September 11, 2014

Longing

I long for the smell of hot asphalt in the rain.
The buzz of cicadas on a stifling summer afternoon. The sound of a squirrel darting up a tree, the way his claws sound on bark and his weight makes the leaves above shimmer. I miss the mountains, their gradations of blue. The way they appear on the horizon, gradually, and they fade in colour the further away they are. So the closest one is green, and then behind a dark blue, and then lightening shades of blue as they blend into the sky.  IMG_1597
I have been missing Virginia since returning back to Sydney, a longing that has only just begun to dampen with the arrival of the southern hemisphere spring.
Thinking about the nature of longing I have been reading Rebecca Solnit, a memoir/essay and environmental writer. She writes in her book A Field Guide to Getting Lost about how she has always been moved by the “blue at the far edge of what can be seen”. She calls it the “color where you can never go. For the blue is not in the place those miles away at the horizon, but in the atmospheric distance between you and the mountains”.
From this distance I miss the fecundity. How in summer, in Virginia, everything grows.
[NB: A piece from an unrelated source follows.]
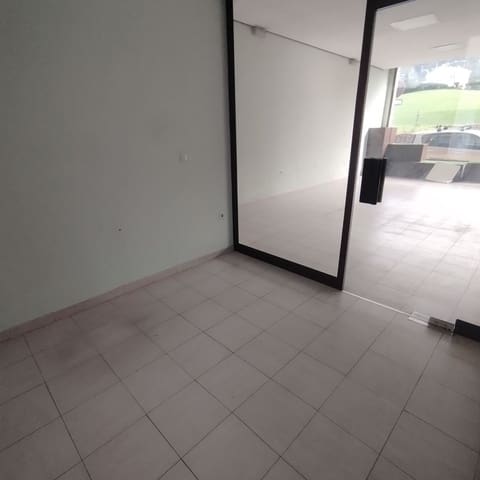 Business for sale in Llanera - € 70,000 (Ref: 7868618)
It is hot and wet and the soil is black humus. Beside the highway and the grocery store grow blackberries, wineberries, wild blueberries, huckleberries. The red berries stain your fingers and the corners of your mouth. The way rhododendrons grow dense and thick around creeks and the sound of water against tree root and rocks.
I miss the flash of red when a cardinal flies past. The way after it rains all the worms become stranded on sidewalks and shrivel up and die when the puddles disappear.
The turtle in the middle of the road, how when you pick him up his tough claws and long wrinkled neck eventually emerge. The hooded eye, black, and blinking: oblivious to how narrowly he escaped death.
The longing sits like a child on my chest as I leave. It is the green beyond the rain streaking the car window as we drive to the airport. The smell of Tide still on my clothes long after I’ve left. The way my mother’s house smells – of detergent and onions and rooms that need to be aired. Of damp wool that has dried in closets, mothballs when you open the lid of a chest. It is her standing at the stove, making pancakes for her grandchildren or heaving baskets of folded laundry up from the basement.
It is the laughter of old friends, when you can say anything that comes into your head and silence is as comfortable as conversation. A friend’s face as familiar as my own yet with new lines beside her eyes when she smiles.
It is years of absence bridged with words, with laughter and the touch of a hand. Not knowing when but that I must come back, that I hold the place close, like a grasshopper cupped in my palms. I feel its vitality and don’t wish to let it go. Yet there is some joy in opening my hands – in watching the grasshopper leap.
Solnit writes: “We treat desire as a problem to be solved, address what desire is for and focus on that something and how to acquire it rather than on the nature and the sensation of desire, though it often is the distance between us and the object of desire that fills the space in between with the blue of longing.”
I know that my memories are condensed by distance. They become steeped with longing, tannic and thick. Would I take these things for granted if not for my absence? Would I merely replace my longing with that of a different place?
Solnit again: “For something of this longing will, like the blue of distance, only be relocated, not assuaged by acquisition and arrival, just as the mountains cease to be blue when you arrive among them and the blue instead tints the next beyond. Somewhere in this is the mystery of why tragedies are more beautiful than comedies and why we take a huge pleasure in the sadness of certain songs and stories. Something is always far away.”
Now, I’m not suggesting that – like the mountains – my family and friends in the US look lovelier from a distance. But that the time spent among them is more precious perhaps because of it’s rarity, because it is not of the everyday. Thank goodness for writers like Solnit, and books like A Field Guide to Getting Lost.

1 Comment

RedHorse

“The longing sits like a child on my chest as I leave.” Glorious. More please! And until then, spend some more time outside. Perhaps that’s what you’re missing too? It won’t be the same, obviously, but there’s a lot to be said for listening to the magpies as a springtime sun sets behind some eucalypts.